The Irish faced ruin in 2010, when the runaway cost of a bank-bailout program begun two years earlier destroyed the country’s ability to borrow at affordable rates. To the rescue came fellow European nations and the International Monetary Fund with a three-year loan package worth 67.5 billion euros ($93 billion).

The last of those funds arrived in Ireland’s state coffers this week. On Sunday, Prime Minister Enda Kenny will address the nation on live TV to salute the financial rebound that has eluded the eurozone’s other bailout recipients Greece, Portugal and Cyprus.

Unlike them, Ireland has repaired its fiscal reputation by exceeding a series of deficit-cutting targets and avoiding both labour unrest and protracted recession.
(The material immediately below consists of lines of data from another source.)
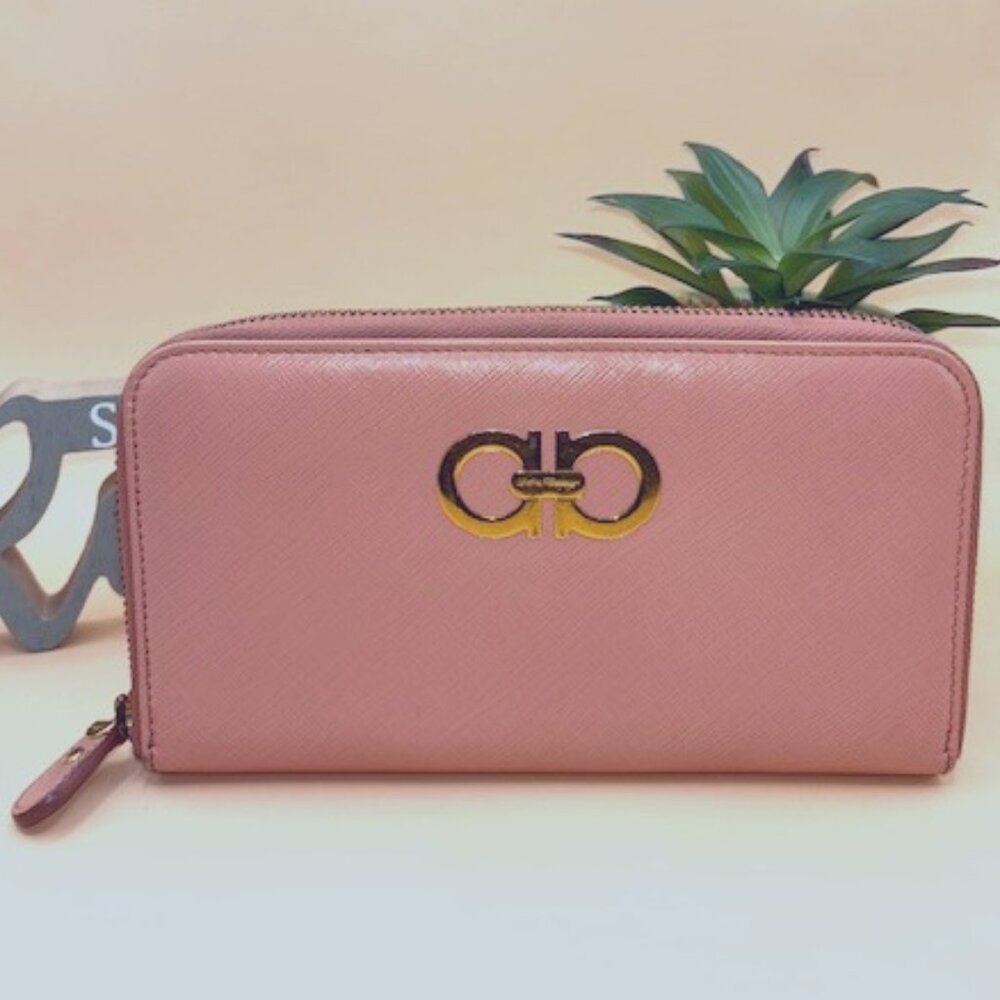 Pink Ferragamo Wallet – Very Good Condition! Stylish & Functional!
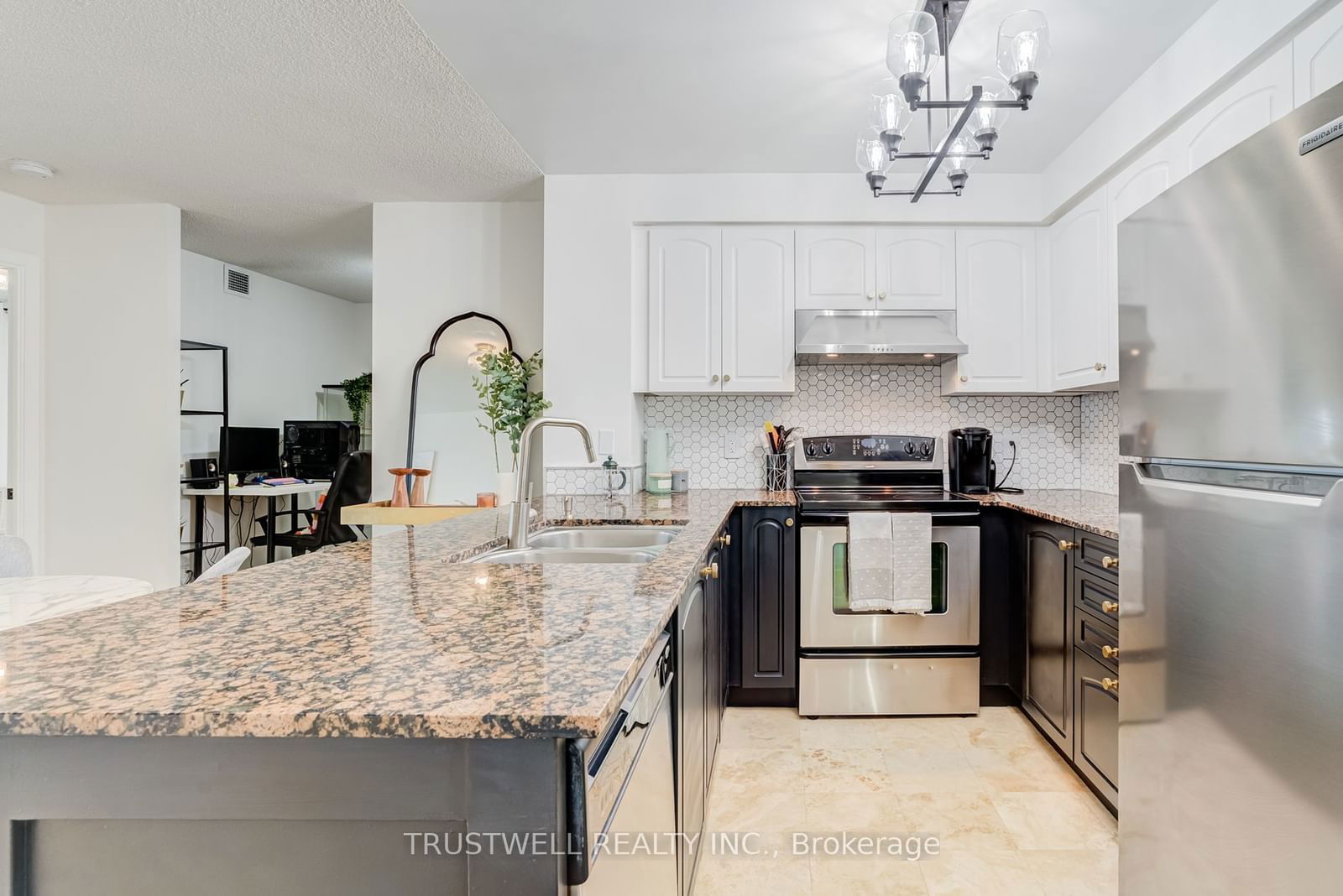 Condo for sale at 911-509 Beecroft Road, Toronto, Willowdale West, M2N 0A3 - MLS: C11931196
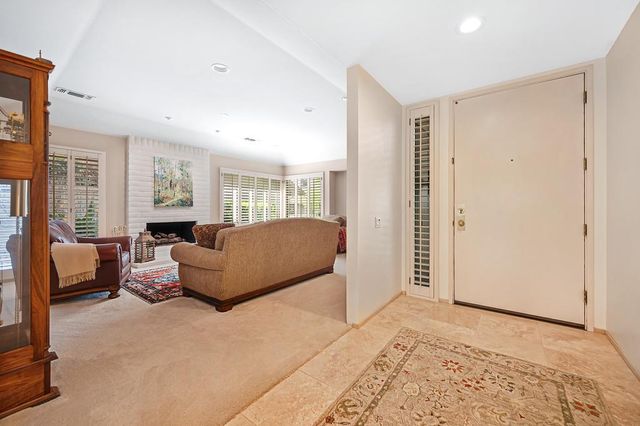 11600 Forty Niner Cir, Gold River, CA 95670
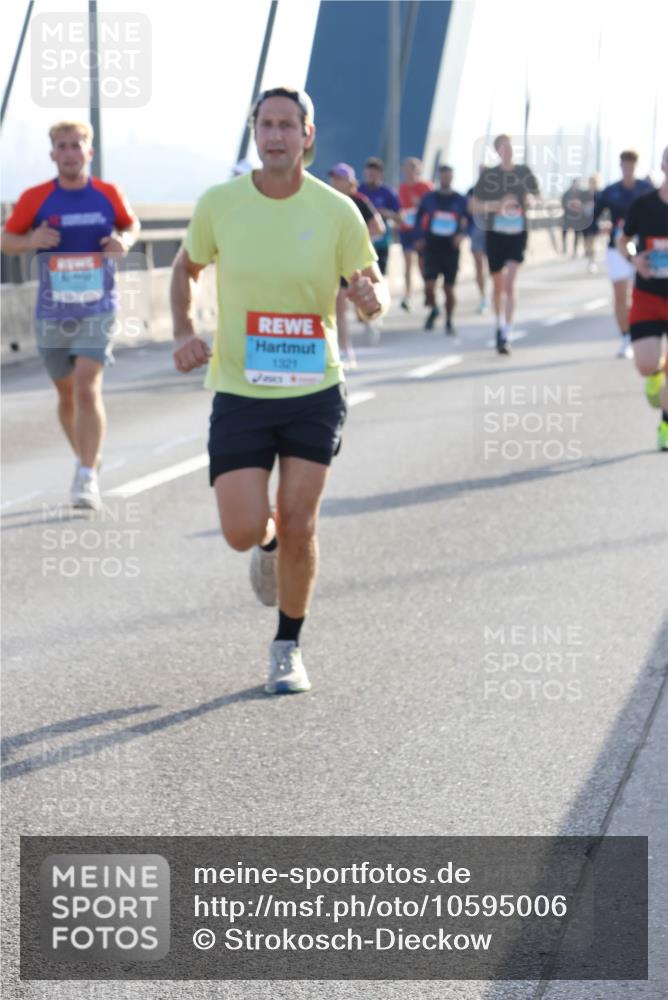 03.10.2026 - Köhlbrandbrückenlauf Strokosch-Dieckow http://msf.ph/oto/10595006 03.10.2026 09:24:05 Position 1 1321 meine-sportfotos.de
That surprisingly strong performance has already allowed Ireland since mid-2012 to resume limited auctions of long-term bonds at affordable rates, an essential prerequisite to life without an EU-IMF safety net.

Ireland’s treasury also has built up more than 20 billion euros in reserves that, should disaster strike again, would permit the state to pay its bills through 2014 without any immediate need for renewed aid.

International confidence that Ireland can resume financing its debt repayments on its own means that the yields — the effective interest rates — on Irish 10-year bonds today have fallen to below 3.5 per cent from 2011 highs exceeding 15 per cent. That’s lower than Spain, which has received emergency support for its banks but avoided a full-fledged bailout, and Italy, which continues to finance one of the eurozone’s worst per-capita debts.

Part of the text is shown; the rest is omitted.